### Exercise
After finding the line with "HYUNDAI-HB20-2013" in the entries below, retype exactly each line from there through the line with "New H&M Chunky", including that final line.

[Start of section]

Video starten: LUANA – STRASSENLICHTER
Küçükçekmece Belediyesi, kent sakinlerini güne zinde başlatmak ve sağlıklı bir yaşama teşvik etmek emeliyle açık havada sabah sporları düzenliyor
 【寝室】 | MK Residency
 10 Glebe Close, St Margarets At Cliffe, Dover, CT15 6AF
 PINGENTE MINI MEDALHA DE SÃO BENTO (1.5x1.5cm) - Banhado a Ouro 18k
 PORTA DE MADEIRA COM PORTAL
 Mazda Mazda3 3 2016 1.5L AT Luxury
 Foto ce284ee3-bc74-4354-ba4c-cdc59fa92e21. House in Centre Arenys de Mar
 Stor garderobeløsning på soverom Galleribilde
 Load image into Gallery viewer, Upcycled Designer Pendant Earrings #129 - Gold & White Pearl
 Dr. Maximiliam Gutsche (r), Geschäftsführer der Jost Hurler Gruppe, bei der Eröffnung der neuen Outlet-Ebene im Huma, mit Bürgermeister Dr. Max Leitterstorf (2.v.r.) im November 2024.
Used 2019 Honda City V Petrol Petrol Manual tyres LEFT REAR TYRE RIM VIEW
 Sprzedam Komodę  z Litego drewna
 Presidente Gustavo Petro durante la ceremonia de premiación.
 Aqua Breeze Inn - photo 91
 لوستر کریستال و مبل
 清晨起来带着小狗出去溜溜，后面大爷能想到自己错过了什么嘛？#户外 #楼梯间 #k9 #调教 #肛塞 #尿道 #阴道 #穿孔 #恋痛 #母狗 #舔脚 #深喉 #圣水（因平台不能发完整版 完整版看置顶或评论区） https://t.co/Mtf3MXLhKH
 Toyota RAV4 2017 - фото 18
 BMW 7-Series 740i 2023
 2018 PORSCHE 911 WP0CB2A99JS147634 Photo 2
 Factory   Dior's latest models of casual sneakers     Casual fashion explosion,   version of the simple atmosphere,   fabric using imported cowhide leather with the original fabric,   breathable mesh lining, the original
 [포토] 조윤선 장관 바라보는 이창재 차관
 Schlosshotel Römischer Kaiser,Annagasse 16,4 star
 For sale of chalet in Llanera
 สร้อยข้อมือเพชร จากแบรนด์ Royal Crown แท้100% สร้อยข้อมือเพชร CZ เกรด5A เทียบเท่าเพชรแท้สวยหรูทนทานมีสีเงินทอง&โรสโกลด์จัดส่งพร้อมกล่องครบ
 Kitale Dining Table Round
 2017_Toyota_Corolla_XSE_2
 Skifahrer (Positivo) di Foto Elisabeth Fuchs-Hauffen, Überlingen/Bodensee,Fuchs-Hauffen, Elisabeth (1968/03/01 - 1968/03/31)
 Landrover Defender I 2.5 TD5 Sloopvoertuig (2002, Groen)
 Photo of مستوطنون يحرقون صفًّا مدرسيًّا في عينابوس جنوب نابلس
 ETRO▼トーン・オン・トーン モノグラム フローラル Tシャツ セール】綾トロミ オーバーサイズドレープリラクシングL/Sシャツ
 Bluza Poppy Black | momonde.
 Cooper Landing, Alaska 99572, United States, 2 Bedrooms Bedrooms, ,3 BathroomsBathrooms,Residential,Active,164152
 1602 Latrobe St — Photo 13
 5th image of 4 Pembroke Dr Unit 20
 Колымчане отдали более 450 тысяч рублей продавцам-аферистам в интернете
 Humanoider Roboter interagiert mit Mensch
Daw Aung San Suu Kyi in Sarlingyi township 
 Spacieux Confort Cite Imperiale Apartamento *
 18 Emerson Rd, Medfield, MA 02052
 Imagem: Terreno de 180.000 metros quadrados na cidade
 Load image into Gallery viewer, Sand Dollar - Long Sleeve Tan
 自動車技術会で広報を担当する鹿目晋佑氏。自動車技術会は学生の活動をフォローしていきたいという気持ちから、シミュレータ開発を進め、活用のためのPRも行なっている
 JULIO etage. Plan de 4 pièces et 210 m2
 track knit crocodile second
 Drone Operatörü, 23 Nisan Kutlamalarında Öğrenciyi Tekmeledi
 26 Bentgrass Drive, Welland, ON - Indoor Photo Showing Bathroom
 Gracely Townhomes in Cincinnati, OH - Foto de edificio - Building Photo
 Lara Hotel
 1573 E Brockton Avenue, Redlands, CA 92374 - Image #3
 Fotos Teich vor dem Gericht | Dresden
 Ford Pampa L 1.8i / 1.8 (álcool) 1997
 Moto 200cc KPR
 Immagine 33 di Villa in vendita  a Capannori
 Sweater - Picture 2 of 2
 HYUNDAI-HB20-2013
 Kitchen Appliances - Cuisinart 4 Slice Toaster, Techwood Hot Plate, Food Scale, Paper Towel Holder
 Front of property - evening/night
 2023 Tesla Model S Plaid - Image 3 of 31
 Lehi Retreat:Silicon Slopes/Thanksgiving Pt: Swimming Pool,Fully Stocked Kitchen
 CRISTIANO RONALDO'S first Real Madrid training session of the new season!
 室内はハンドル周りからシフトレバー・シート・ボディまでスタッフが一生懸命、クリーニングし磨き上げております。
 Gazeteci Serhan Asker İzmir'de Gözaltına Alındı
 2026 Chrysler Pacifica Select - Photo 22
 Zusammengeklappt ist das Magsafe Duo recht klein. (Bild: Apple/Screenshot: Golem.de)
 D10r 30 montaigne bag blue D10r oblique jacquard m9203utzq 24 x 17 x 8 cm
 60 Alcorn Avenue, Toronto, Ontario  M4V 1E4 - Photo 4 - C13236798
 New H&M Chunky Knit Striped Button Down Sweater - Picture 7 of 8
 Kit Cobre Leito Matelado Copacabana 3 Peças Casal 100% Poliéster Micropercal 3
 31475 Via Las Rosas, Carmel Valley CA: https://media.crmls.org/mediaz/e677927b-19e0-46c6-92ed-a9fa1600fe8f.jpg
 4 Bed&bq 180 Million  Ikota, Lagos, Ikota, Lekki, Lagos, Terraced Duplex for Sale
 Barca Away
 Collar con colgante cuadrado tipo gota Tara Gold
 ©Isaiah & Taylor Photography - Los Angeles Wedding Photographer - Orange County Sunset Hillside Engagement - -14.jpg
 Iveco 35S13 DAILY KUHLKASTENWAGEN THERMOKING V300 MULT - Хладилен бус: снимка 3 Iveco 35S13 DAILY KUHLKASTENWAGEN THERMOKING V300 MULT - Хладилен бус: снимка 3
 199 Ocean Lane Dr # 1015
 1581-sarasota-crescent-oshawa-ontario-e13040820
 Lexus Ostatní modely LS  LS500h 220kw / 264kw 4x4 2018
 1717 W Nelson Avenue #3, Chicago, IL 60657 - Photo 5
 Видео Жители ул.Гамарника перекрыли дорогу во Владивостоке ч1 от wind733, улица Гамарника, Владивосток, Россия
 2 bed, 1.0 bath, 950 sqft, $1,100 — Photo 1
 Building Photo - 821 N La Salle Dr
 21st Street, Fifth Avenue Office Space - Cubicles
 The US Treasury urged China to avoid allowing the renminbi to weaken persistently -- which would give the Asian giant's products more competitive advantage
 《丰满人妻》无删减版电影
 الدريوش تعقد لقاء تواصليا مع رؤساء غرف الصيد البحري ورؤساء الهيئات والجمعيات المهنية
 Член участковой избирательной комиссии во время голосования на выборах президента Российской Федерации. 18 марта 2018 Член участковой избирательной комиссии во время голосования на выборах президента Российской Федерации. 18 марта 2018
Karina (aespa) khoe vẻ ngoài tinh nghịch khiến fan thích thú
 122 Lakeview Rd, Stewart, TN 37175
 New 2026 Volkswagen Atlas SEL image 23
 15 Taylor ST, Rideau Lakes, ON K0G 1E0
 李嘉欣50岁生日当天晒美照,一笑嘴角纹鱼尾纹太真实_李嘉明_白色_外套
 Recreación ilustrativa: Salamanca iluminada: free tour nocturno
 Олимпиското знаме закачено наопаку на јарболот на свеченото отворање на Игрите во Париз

[End of section]

### Final answer
 HYUNDAI-HB20-2013
 Kitchen Appliances - Cuisinart 4 Slice Toaster, Techwood Hot Plate, Food Scale, Paper Towel Holder
 Front of property - evening/night
 2023 Tesla Model S Plaid - Image 3 of 31
 Lehi Retreat:Silicon Slopes/Thanksgiving Pt: Swimming Pool,Fully Stocked Kitchen
 CRISTIANO RONALDO'S first Real Madrid training session of the new season!
 室内はハンドル周りからシフトレバー・シート・ボディまでスタッフが一生懸命、クリーニングし磨き上げております。
 Gazeteci Serhan Asker İzmir'de Gözaltına Alındı
 2026 Chrysler Pacifica Select - Photo 22
 Zusammengeklappt ist das Magsafe Duo recht klein. (Bild: Apple/Screenshot: Golem.de)
 D10r 30 montaigne bag blue D10r oblique jacquard m9203utzq 24 x 17 x 8 cm
 60 Alcorn Avenue, Toronto, Ontario  M4V 1E4 - Photo 4 - C13236798
 New H&M Chunky Knit Striped Button Down Sweater - Picture 7 of 8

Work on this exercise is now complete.